## WORKING DATA
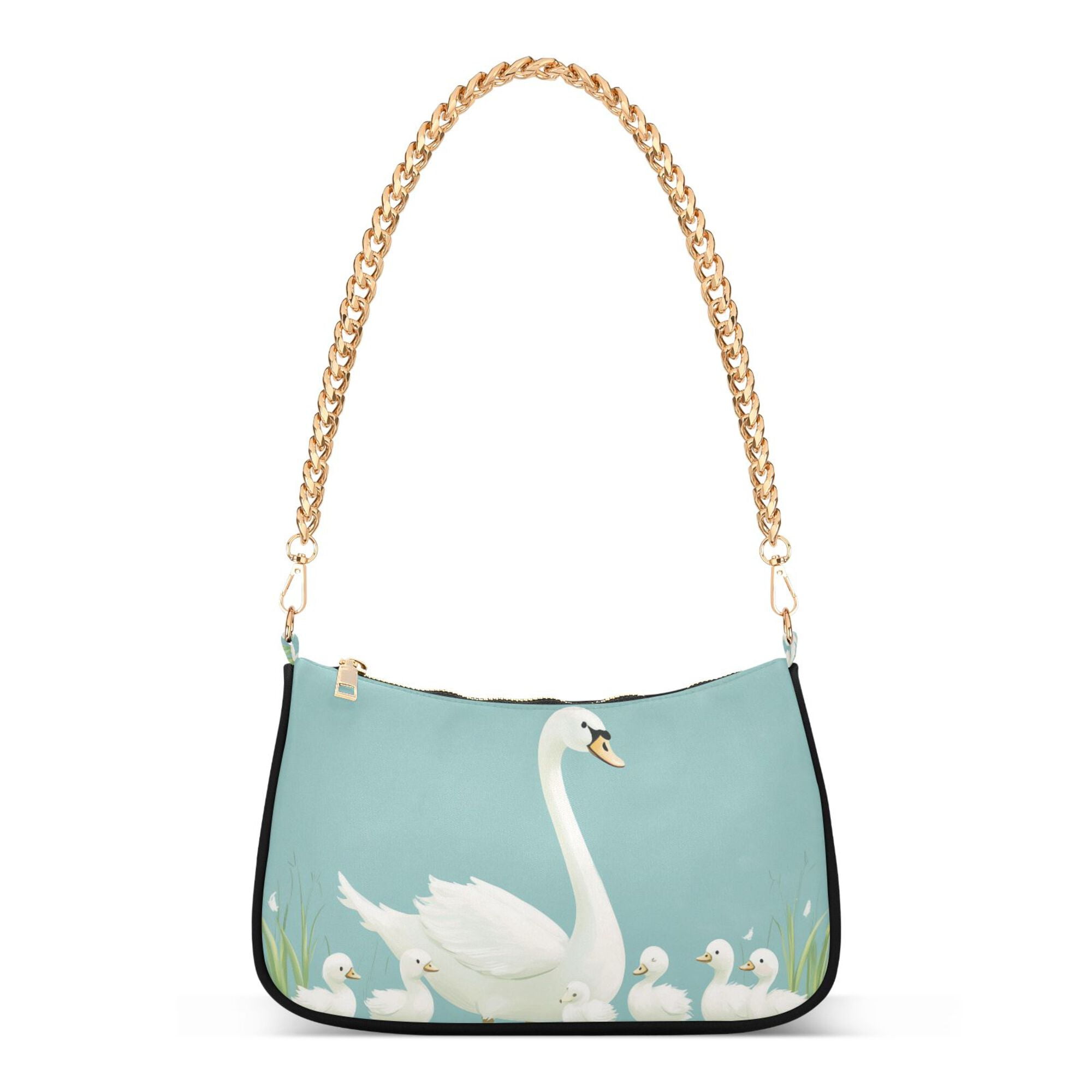FORMRS Womens Shoulder Bag with Chain Strap Clutch Purse Cute Tote Handbag, White Cartoon Swan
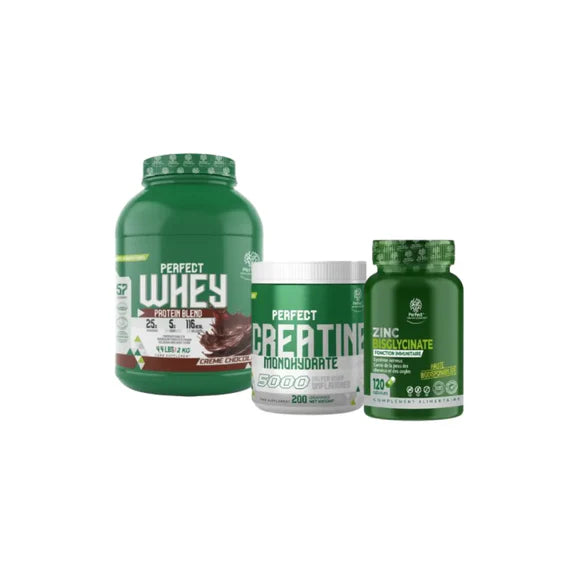 Pack Perfect Whey 2 Kg + Creatine Monohydrate 200 G + Zinc Bisglycinate 120 Capsules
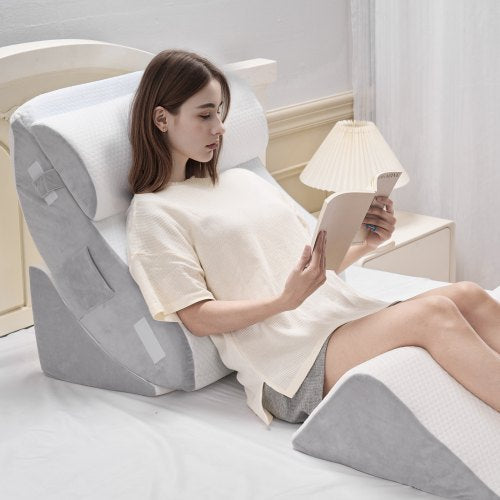 Wedge Pillow for Sleeping 4 Pcs Adjustable Orthopedic Bed Wedge Set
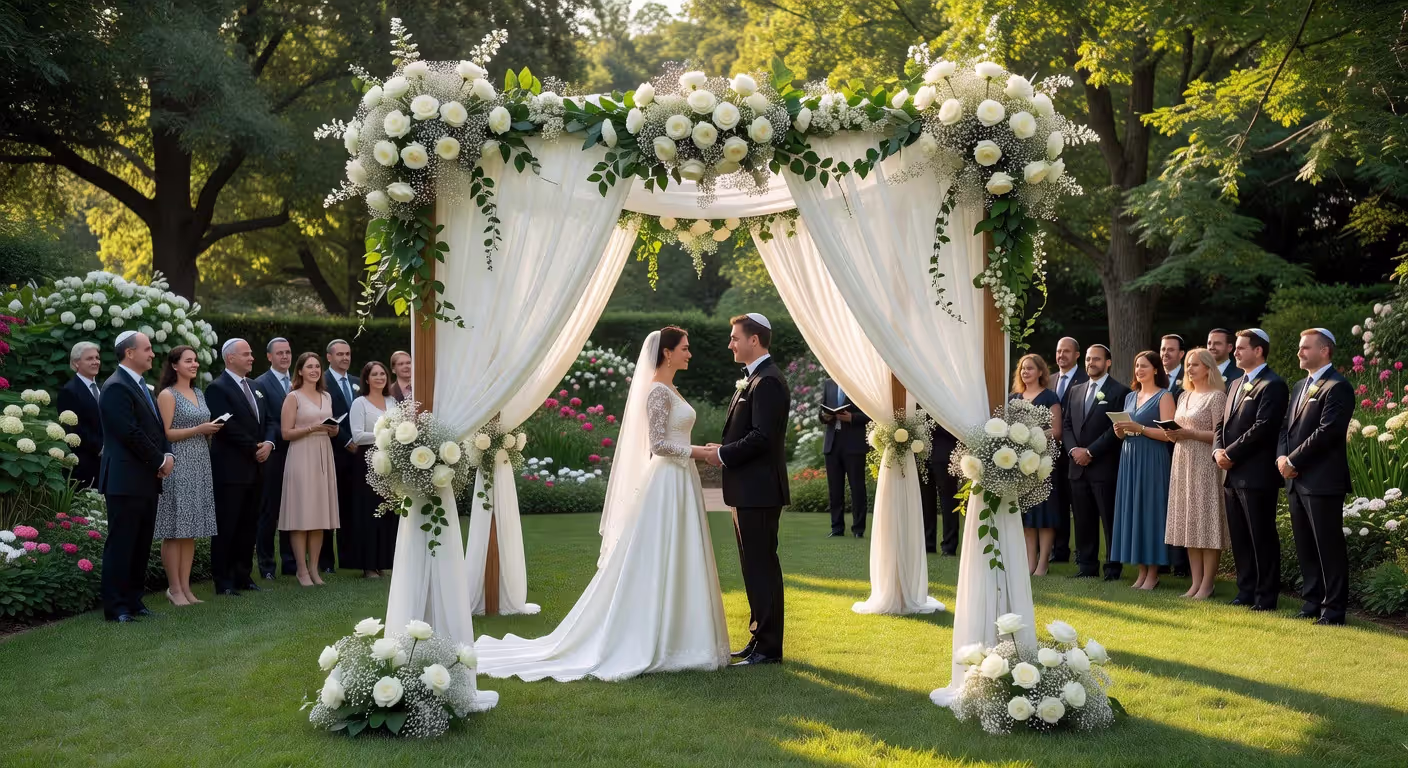 Jewish wedding ceremony under chuppah with couple and guests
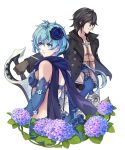  1boy 1girl bare_shoulders belt black_hair blue_eyes blue_gloves blue_hair blue_rose blue_scarf book breasts brown_gloves buttons cent_(drag-on_dragoon) coat drag-on_dragoon drag-on_dragoon_3 elbow_gloves flower gloves groin hair_between_eyes hair_flower hair_ornament holding holding_sword holding_weapon hydrangea jacket kllsiren long_sleeves looking_afar looking_down number open_book outstretched_arm pants parted_lips profile roman_numerals rose scarf short_hair sideboob simple_background smile sword two_(drag-on_dragoon) unbuttoned weapon white_background white_pants 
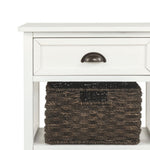 Benzara Cottage Style Wooden Accent Table with Two Woven Storage Baskets, White and Brown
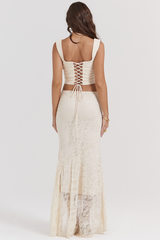 Vintage Cream Corset + Lace Skirt Set | Dress In Beauty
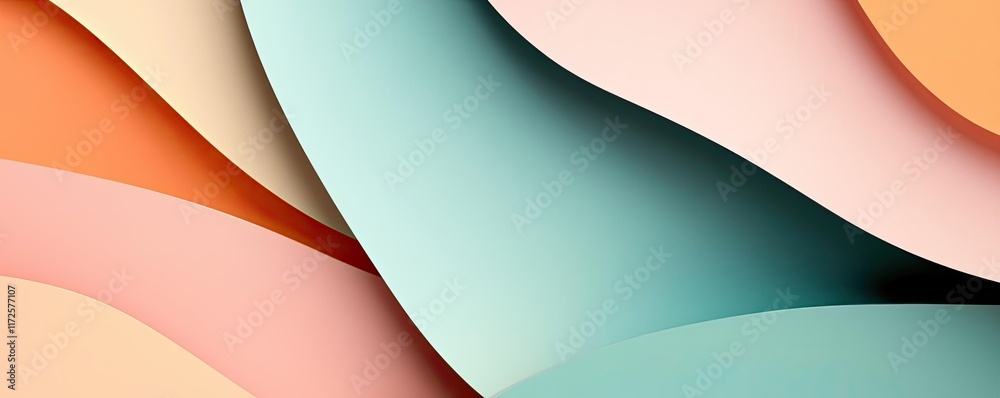 Poster Pastel abstract background idea. Colorful abstract waves of paper layers creating a modern texture and design concept.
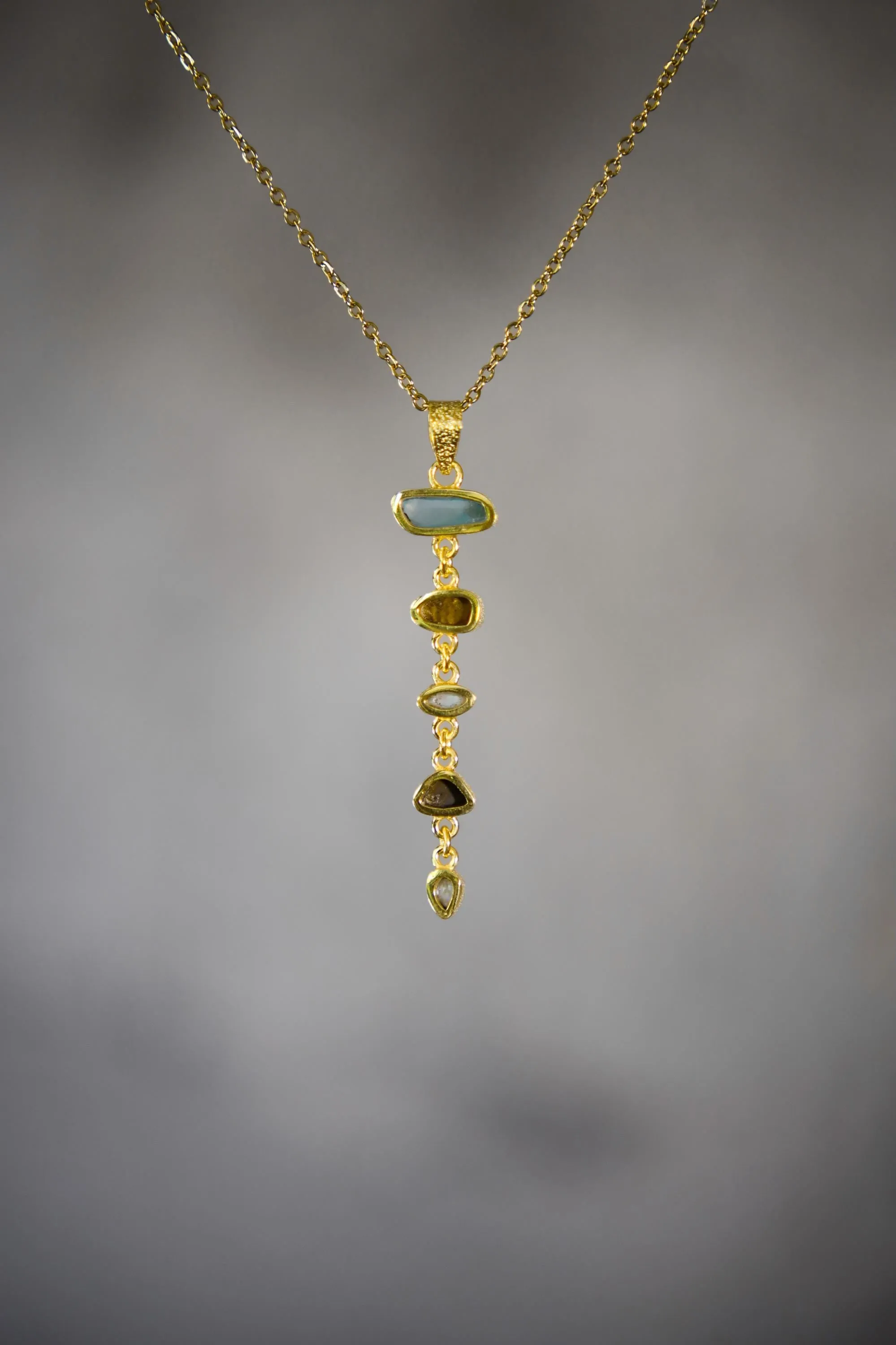 Round Faceted Zircon, Aquamarine, Australian Opal Droplets & Blue Moonstone Pendant 18k GoldPlated Organic Texture Spiritual Clarity Healing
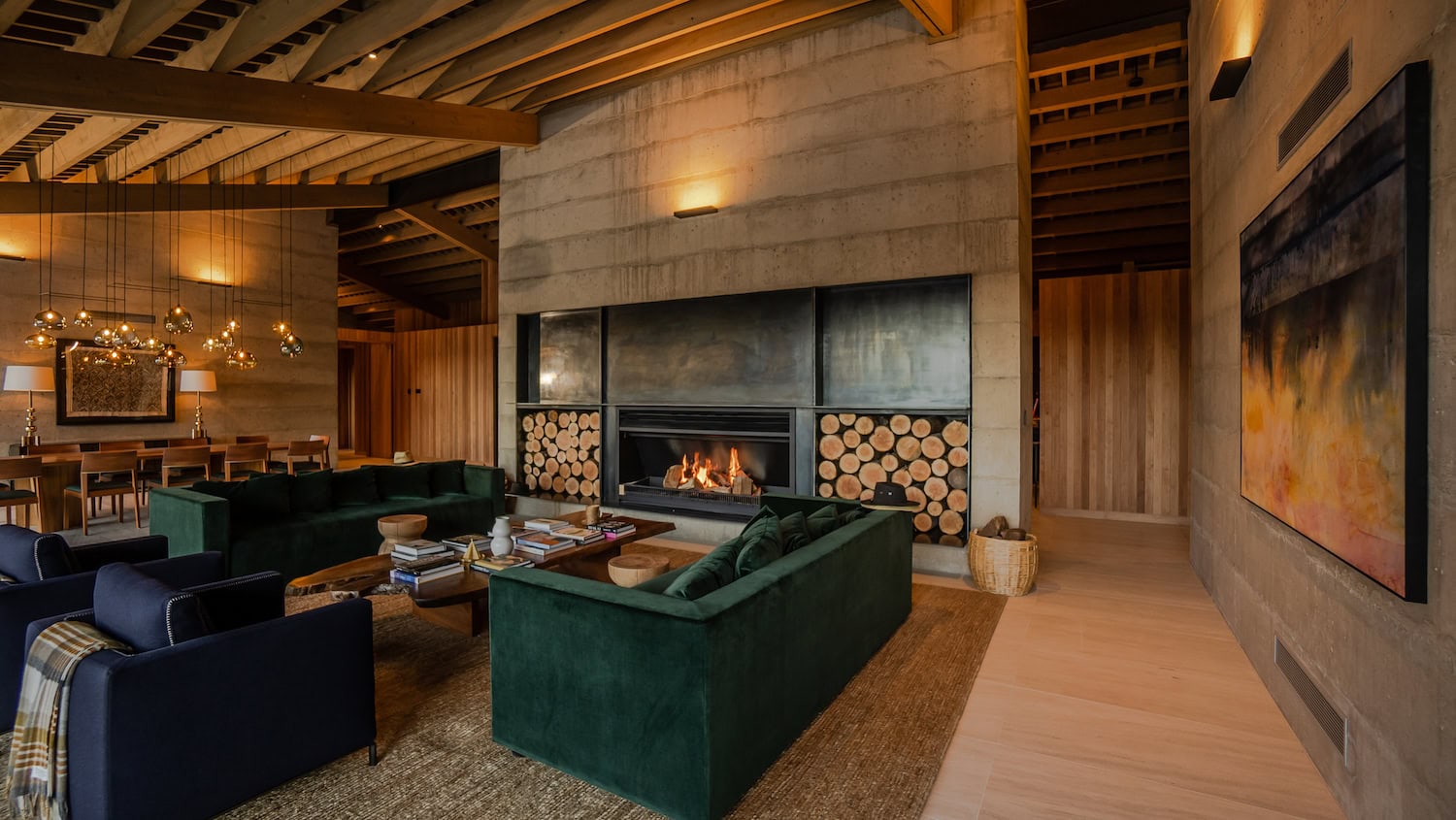 Wohnzimmer in der Flockhill Lodge in Neuseeland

## WORK ORDER
Write out, exactly and with no pictures, the lines of the data from the first through the line containing "Wedge Pillow for".

## YOUR SOLUTION
FORMRS Womens Shoulder Bag with Chain Strap Clutch Purse Cute Tote Handbag, White Cartoon Swan
 Pack Perfect Whey 2 Kg + Creatine Monohydrate 200 G + Zinc Bisglycinate 120 Capsules
 Wedge Pillow for Sleeping 4 Pcs Adjustable Orthopedic Bed Wedge Set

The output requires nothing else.